TASK GOAL: The data below should be restated word for word, pictures omitted.

EXERCISE MATERIAL:

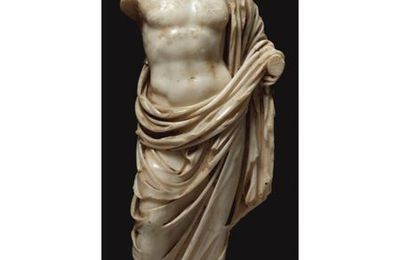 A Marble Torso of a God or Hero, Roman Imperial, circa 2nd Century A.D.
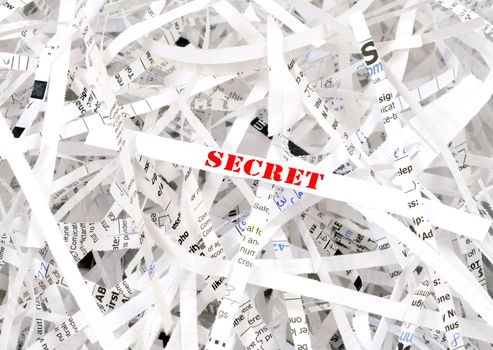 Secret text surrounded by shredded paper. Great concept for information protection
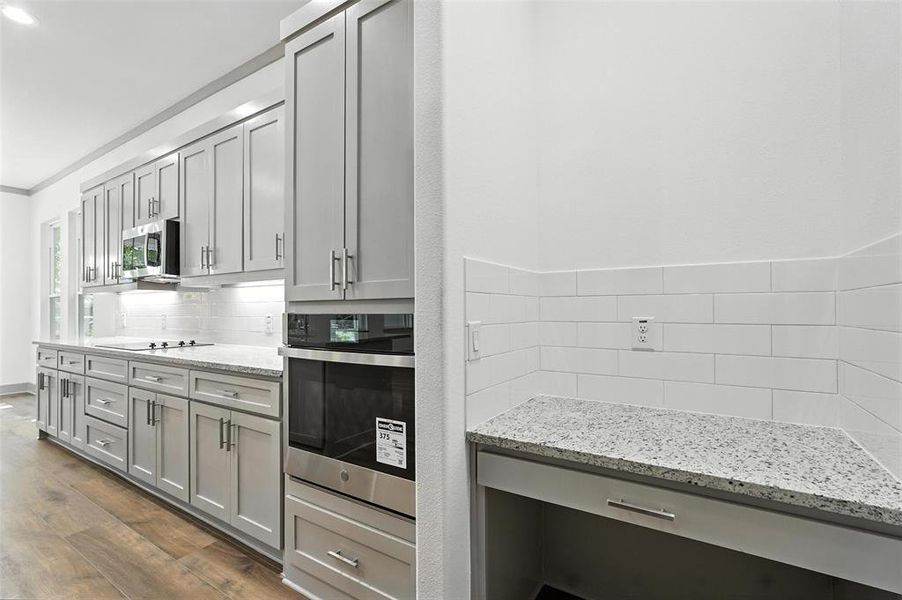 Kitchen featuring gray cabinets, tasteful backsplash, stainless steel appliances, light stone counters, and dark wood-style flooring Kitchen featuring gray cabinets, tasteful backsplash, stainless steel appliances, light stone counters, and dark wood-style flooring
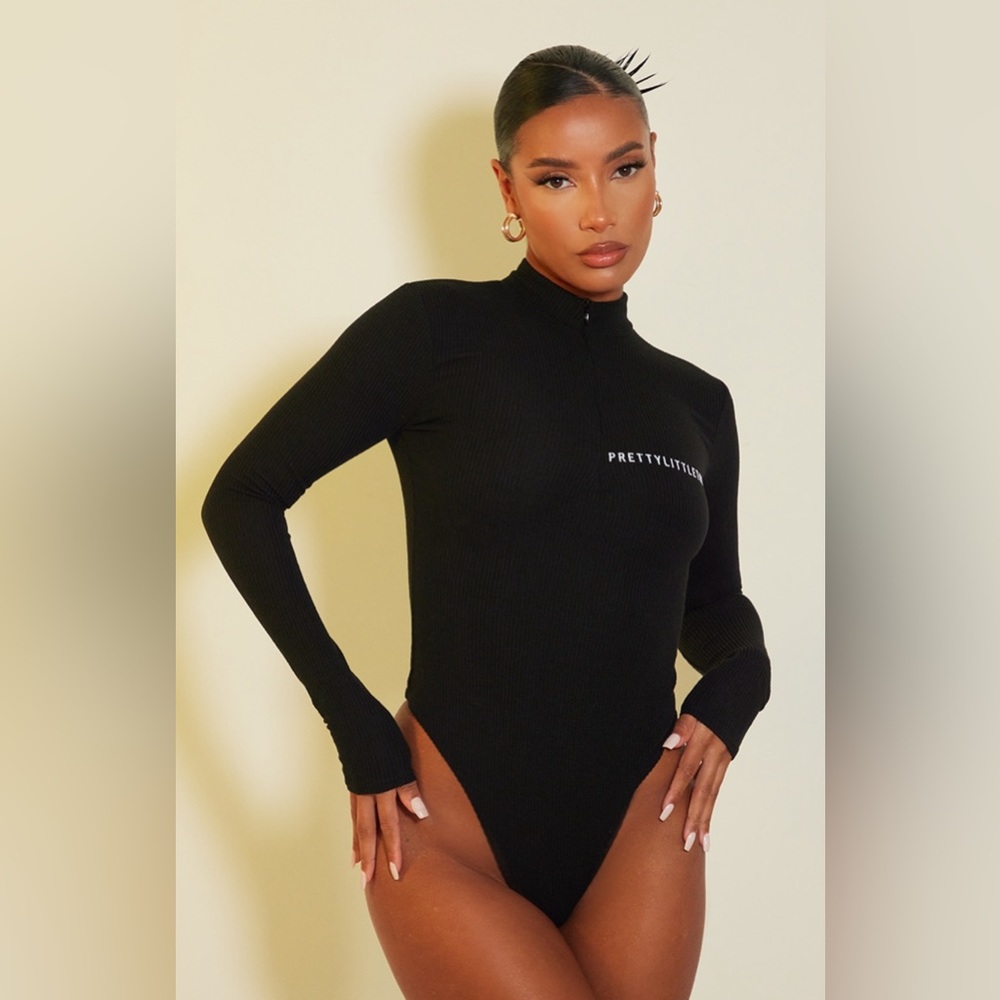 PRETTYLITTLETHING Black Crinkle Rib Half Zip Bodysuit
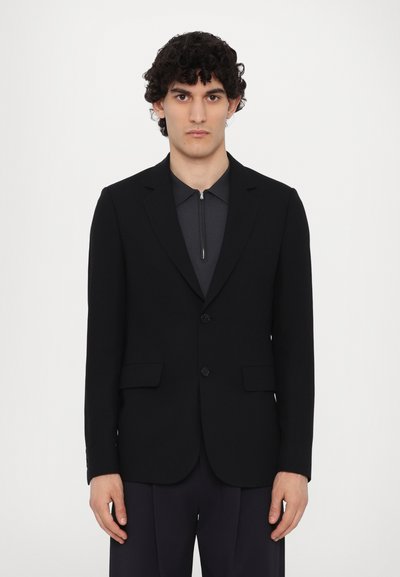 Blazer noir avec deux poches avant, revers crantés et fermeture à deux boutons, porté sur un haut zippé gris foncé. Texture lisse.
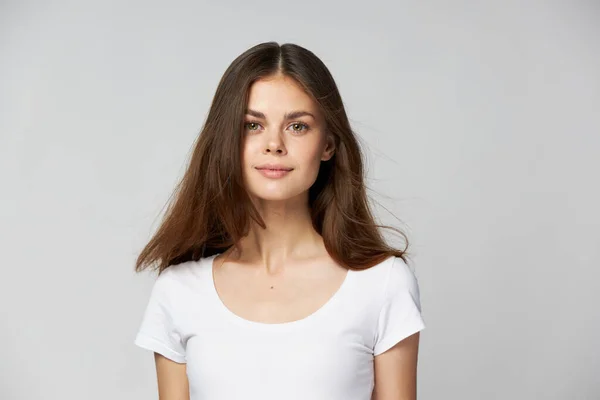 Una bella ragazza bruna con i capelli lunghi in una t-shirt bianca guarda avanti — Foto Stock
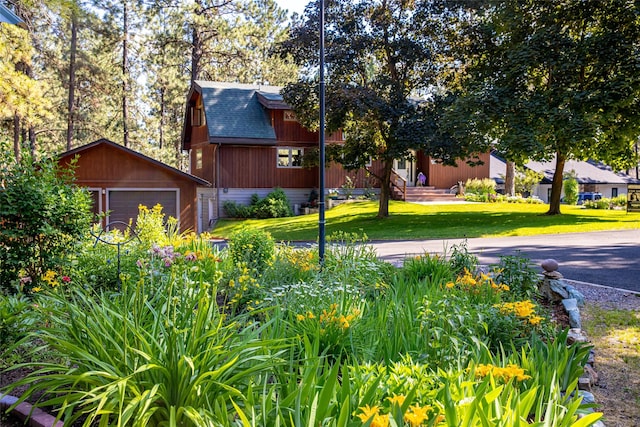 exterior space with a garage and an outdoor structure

PROBLEM SOLUTION:
 A Marble Torso of a God or Hero, Roman Imperial, circa 2nd Century A.D.
 Secret text surrounded by shredded paper. Great concept for information protection
 Kitchen featuring gray cabinets, tasteful backsplash, stainless steel appliances, light stone counters, and dark wood-style flooring Kitchen featuring gray cabinets, tasteful backsplash, stainless steel appliances, light stone counters, and dark wood-style flooring
 PRETTYLITTLETHING Black Crinkle Rib Half Zip Bodysuit
 Blazer noir avec deux poches avant, revers crantés et fermeture à deux boutons, porté sur un haut zippé gris foncé. Texture lisse.
 Una bella ragazza bruna con i capelli lunghi in una t-shirt bianca guarda avanti — Foto Stock
 exterior space with a garage and an outdoor structure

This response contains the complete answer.